A proxy server can be used to:
  • Protect your real IP address and gain privacy and anonymity on the Internet
  • Control the use of the Internet by employees and children
  • Save bandwidth and improve the speed
  • Access blocked resources
  • Protect the webserver from threats from the external network

What are the dangers of using proxy servers?

Using proxy servers carries some risks:
  • Hacking

    Malicious proxy servers can intercept sensitive data such as usernames and passwords of your Internet accounts.
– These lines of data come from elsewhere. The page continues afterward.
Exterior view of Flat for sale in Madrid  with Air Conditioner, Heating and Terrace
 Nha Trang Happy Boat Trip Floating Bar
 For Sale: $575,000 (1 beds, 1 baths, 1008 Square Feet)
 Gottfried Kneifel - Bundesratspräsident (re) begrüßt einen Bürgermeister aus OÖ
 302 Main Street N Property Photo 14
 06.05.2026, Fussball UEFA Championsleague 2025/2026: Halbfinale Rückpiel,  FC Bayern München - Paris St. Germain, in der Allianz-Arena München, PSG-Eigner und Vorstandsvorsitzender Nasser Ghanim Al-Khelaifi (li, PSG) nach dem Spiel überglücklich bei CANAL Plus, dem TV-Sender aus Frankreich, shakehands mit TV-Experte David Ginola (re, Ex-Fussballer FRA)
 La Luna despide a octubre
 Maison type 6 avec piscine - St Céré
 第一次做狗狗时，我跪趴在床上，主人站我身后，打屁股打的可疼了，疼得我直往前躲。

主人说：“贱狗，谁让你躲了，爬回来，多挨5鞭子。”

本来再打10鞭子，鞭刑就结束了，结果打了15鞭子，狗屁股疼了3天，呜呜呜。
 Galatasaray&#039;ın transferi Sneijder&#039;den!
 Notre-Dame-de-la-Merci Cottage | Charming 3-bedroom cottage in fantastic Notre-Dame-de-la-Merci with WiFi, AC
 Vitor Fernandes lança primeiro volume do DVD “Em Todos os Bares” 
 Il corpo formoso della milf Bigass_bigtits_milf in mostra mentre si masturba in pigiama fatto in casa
  • Spam and virus attacks

    When using free proxy servers, you will often come across banners and advertisements with which these proxy servers will fill your Internet session to generate income. In addition, malicious free proxies can inject viruses and spam into your browser.

  • Identity theft

    When you use a free proxy, you are essentially giving your IP address to an often unknown third party in exchange for using someone else's IP address to browse the Internet. Thus, you become vulnerable to potential abuse; some proxy servers can seriously compromise and abuse your network identity.

  • Slow Internet

    When hundreds of web users simultaneously send requests to the same proxy server to route data back and forth, this may not always provide the desired network speed. Sometimes, browsing the web through a proxy server can be excruciatingly slow and almost always insecure.

Conclusion

Proper use of proxy servers can benefit a working project: protect the network from outside attacks, hide your IP address, restrict unwanted content, and help clean up web pages. However, you should always remember and avoid the risks associated with using proxy servers.